How to plot 3D scatter diagram using ggplot?

I tried to use the plotly package, but it is not working in my case at all. The ggplot package is working for 2D plots but it is giving an error when adding one more axis. How to solve this issue?
ggplot(data,aes(x=D1,y=D2,z=D3,color=Sample)) +
geom_point()
How to add one more axis and get the 3D plot in this?
Since you tagged your question with plotly and said that you've tried to use it with plotly, I think it would be helpful to give you a working code solution in plotly:
Creating some data to plot with:
set.seed(417)
library(plotly)
temp <- rnorm(100, mean=30, sd=5)
pressure <- rnorm(100)
dtime <- 1:100
Graphing your 3d scatterplot using plotly's scatter3d type:
plot_ly(x=temp, y=pressure, z=dtime, type="scatter3d", mode="markers", color=temp)
Renders the following:
ggplot as others have note, by itself does not support 3d graphics rendering.
A possible solutions is gg3D.
gg3D is a package created to extend ggplot2 to produce 3D plots. It does exactly what you are asking for: it adds a third axis to a ggplot. I find it quite good and easy to use and that is what I use for my limited needs.
An example taken from the vignette to produce a basic plot
devtools::install_github("AckerDWM/gg3D")
library("gg3D")
## An empty plot with 3 axes
qplot(x=0, y=0, z=0, geom="blank") +
theme_void() +
axes_3D()
## Axes can be populated with points using the function stat_3D.
data(iris)
ggplot(iris, aes(x=Petal.Width, y=Sepal.Width, z=Petal.Length, color=Species)) +
theme_void() +
axes_3D() +
stat_3D()
There are other options not involving ggplot. For example the excellent plot3D package with its extension plot3Drgl to plot in openGL.
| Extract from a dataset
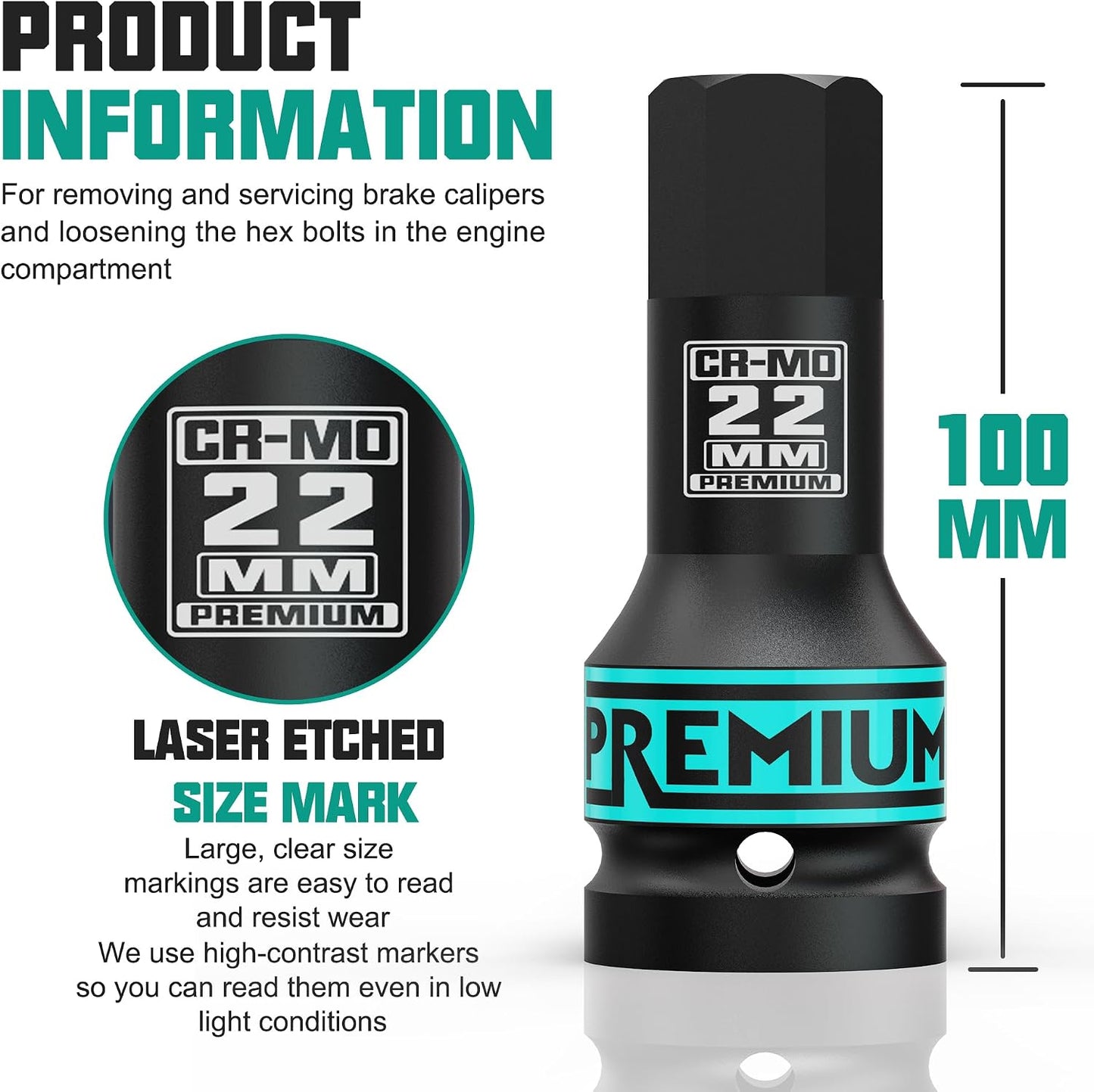 Socket hex métrico 22mm acero cr-mo para automóviles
In your question, you refer to the plotly package and to the ggplot2 package. Both plotly and ggplot2 are great packages: plotly is good at creating dynamic plots that users can interact with, while ggplot2 is good at creating static plots for extreme customization and scientific publication. It is also possible to send ggplot2 output to plotly. Unfortunately, at the time of writing (April 2021), ggplot2 does not natively support 3d plots. However, there are other packages that can be used to produce 3d plots and some ways to get pretty close to ggplot2 quality. Below I review several options. These suggestions are by no means exhaustive.
plotly
See onlyphantom's answer in this thread.
gg3D
See Marco Stamazza's answer in this thread. See also my effort below.
scatterplot3d
See Seth's answer in a related thread.
lattice
See Backlin's answer in a related thread.
rgl
See this overview in the wiki guide.
rayshader
See this overview of this package's wonderful capabilities.
trans3d
See data-imaginist use trans3d to get a cube into ggplot2.
ggrgl
See this cool and useful coolbutuseless introduction.
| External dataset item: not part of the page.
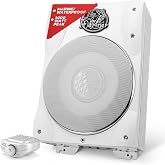 Lanzar 8" Subwoofer, 1000W Low-Profile Marine Waterproof Car Subwoofer with Built-in Amplifier, Adjustable Bass Boost, Remote Level Control, RCA Input, Phase Shift (14.5" x 9.5" x 3")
Now let me review some of my efforts with the Lorenz attractor trajectories. While customization remains limited, I've had best results for PDF output with gg3D. I also include a ggrgl example.
gg3D
# Packages
library(deSolve)
library(ggplot2)
library(gg3D) # remotes::install_github("AckerDWM/gg3D")
# Directory
setwd("~/R/workspace/")
# Parameters
parms <- c(a=10, b=8/3, c=28)
# Initial state
state <- c(x=0.01, y=0.0, z=0.0)
# Time span
times <- seq(0, 50, by=1/200)
# Lorenz system
lorenz <- function(times, state, parms) {
with(as.list(c(state, parms)), {
dxdt <- a*(y-x)
dydt <- x*(c-z)-y
dzdt <- x*y-b*z
return(list(c(dxdt, dydt, dzdt)))
})
}
# Make dataframe
df <- as.data.frame(ode(func=lorenz, y=state, parms=parms, times=times))
# Make plot
make_plot <- function(theta=0, phi=0){
ggplot(df, aes(x=x, y=y, z=z, colour=time)) +
axes_3D(theta=theta, phi=phi) +
stat_3D(theta=theta, phi=phi, geom="path") +
labs_3D(theta=theta, phi=phi,
labs=c("x", "y", "z"),
angle=c(0,0,0),
hjust=c(0,2,2),
vjust=c(2,2,-2)) +
ggtitle("Lorenz butterfly") +
theme_void() +
theme(legend.position = "none")
}
make_plot()
make_plot(theta=180,phi=0)
# Save plot as PDF
ggsave(last_plot(), filename="lorenz-gg3d.pdf")
Pros: Outputs high-quality PDF:
Cons: Still limited customization. But for my specific needs, currently the best option.
ggrgl
# Packages
library(deSolve)
library(ggplot2)
library(rgl)
#remotes::install_github("dmurdoch/rgl")
library(ggrgl)
# remotes::install_github('coolbutuseless/ggrgl', ref='main')
library(devout)
library(devoutrgl)
# remotes::install_github('coolbutuseless/devoutrgl', ref='main')
library(webshot2)
# remotes::install_github("rstudio/webshot2")
library(ggthemes)
# Directory
setwd("~/R/workspace/")
# Parameters
parms <- c(a=10, b=8/3, c=26.48)
# Initial state
state <- c(x=0.01, y=0.0, z=0.0)
# Time span
times <- seq(0, 100, by=1/500)
# Lorenz system
lorenz <- function(times, state, parms) {
with(as.list(c(state, parms)), {
dxdt <- a*(y-x)
dydt <- x*(c-z)-y
dzdt <- x*y-b*z
return(list(c(dxdt, dydt, dzdt)))
})
}
# Make dataframe
df <- as.data.frame(ode(func=lorenz, y=state, parms=parms, times=times))
# Make plot
ggplot(df, aes(x=x, y=y, z=z)) +
geom_path_3d() +
ggtitle("Lorenz butterfly") -> p
# Render Plot in window
rgldev(fov=30, view_angle=-10, zoom=0.7)
p + theme_ggrgl(16)
# Save plot as PNG
rgldev(fov=30, view_angle=-10, zoom=0.7,
file = "~/R/Work/plots/lorenz-attractor/ggrgl/lorenz-ggrgl.png",
close_window = TRUE, dpi = 300)
p + theme_ggrgl(16)
dev.off()
Pros: The plot can be rotated in a way similar to plotly. It is possible to 'theme' a basic plot:
Cons: The figure is missing a third axis with labels. Cannot output high-quality plots. While I've been able to view and save a low-quality black trajectory in PNG, I could view a colored trajectory like the above, but could not save it, except with a low-quality screenshot:
Related threads: plot-3d-data-in-r, ploting-3d-graphics-with-r.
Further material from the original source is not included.